SRINAGAR: India and Pakistan resumed barter trade at a border crossing in Kashmir on Tuesday, an Indian official said, but tension in the contested region continued with a general strike and more fighting between Indian security forces and Kashmiri fighters.
Hostilities between the nuclear-armed neighbours escalated dramatically late last month, after a suicide attack in the Pulwama district of Indian-controlled Kashmir on February 14. Firing along the border became a common sight, disrupting trade and travel.
Trade across the border, known as the Line of Control (LoC), was part-suspended after repeated mortar and small arms fire at Uri, a border town where the exchange of goods takes place.
But on Tuesday the route re-opened after firing in the region eased, said Riyaz Ahmad Malik, an official in the Indian-controlled part of Kashmir.
Thirty-five trucks left for Chakothi on the Pakistani side of the border with a similar number moving in the opposite direction, he said.
Trade across the LoC operates on a barter system, where no money is exchanged.
“This trade is heavily dependent on the trust factor,” said Pawan Anand, President of a local trading association in Indian-administered Kashmir. “We neither meet traders of Pakistan nor can check the quality of imported goods until they reach us.”
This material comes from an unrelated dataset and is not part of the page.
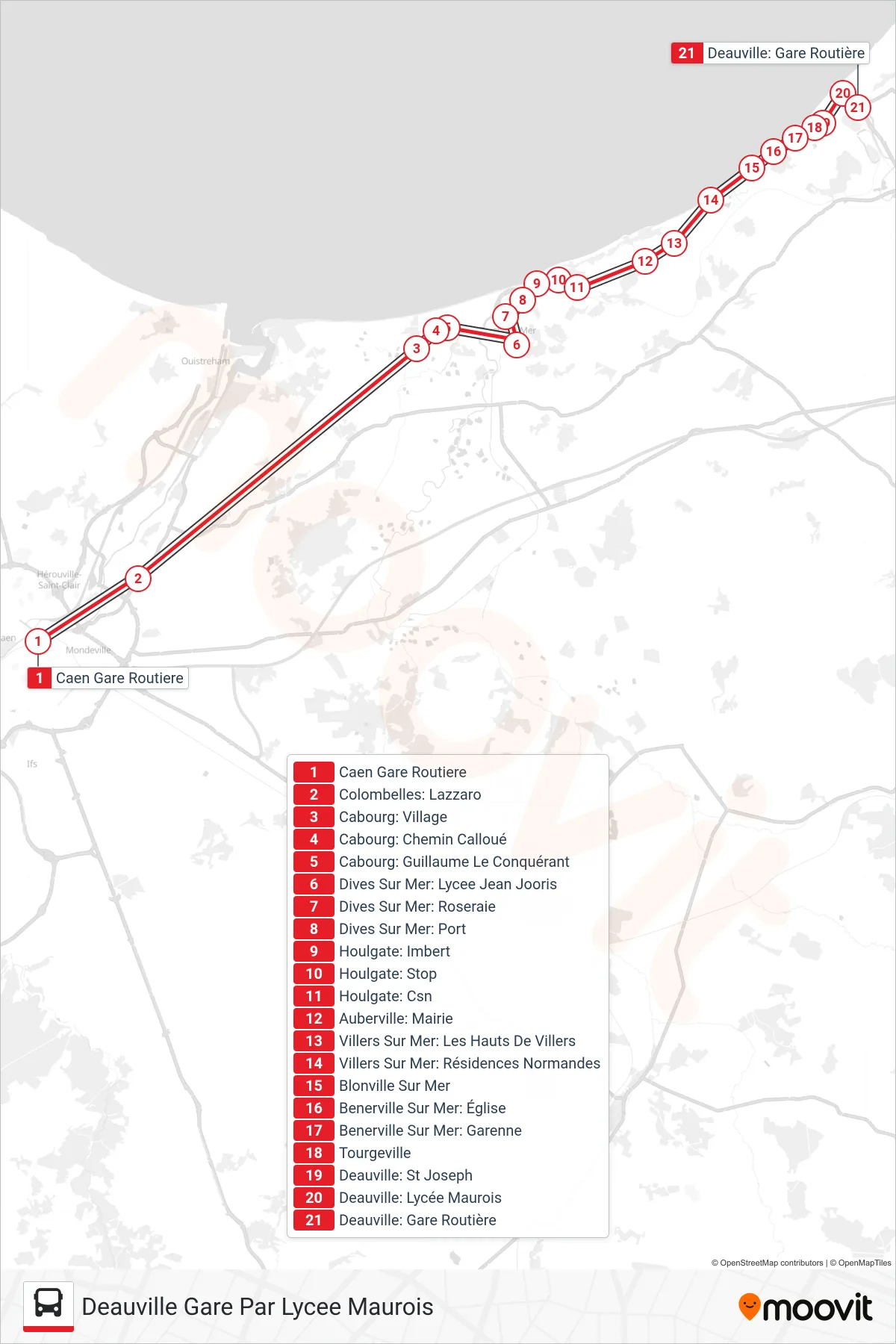 LIGNE 120 bus Line (Deauville Gare Par Lycee Maurois) route and stops on a map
Ashfaq Ahmad, a trader in Srinagar, the capital of Indian-administered Kashmir, said he quoted rates on WhatsApp with his Pakistani counterpart.
“I send cumin and chilli seeds to Pakistan and in return order prayer mats and cloth,” he said. “If there is any difference, it is adjusted in the next consignment. It is all trust-based trade but it is working.”
Indian traders export cumin, chilli pepper, cloth, cardamom, bananas, pomegranate, grapes and almonds. Prayer mats, carpets, cloth, oranges, mangoes and herbs return from the Pakistani side.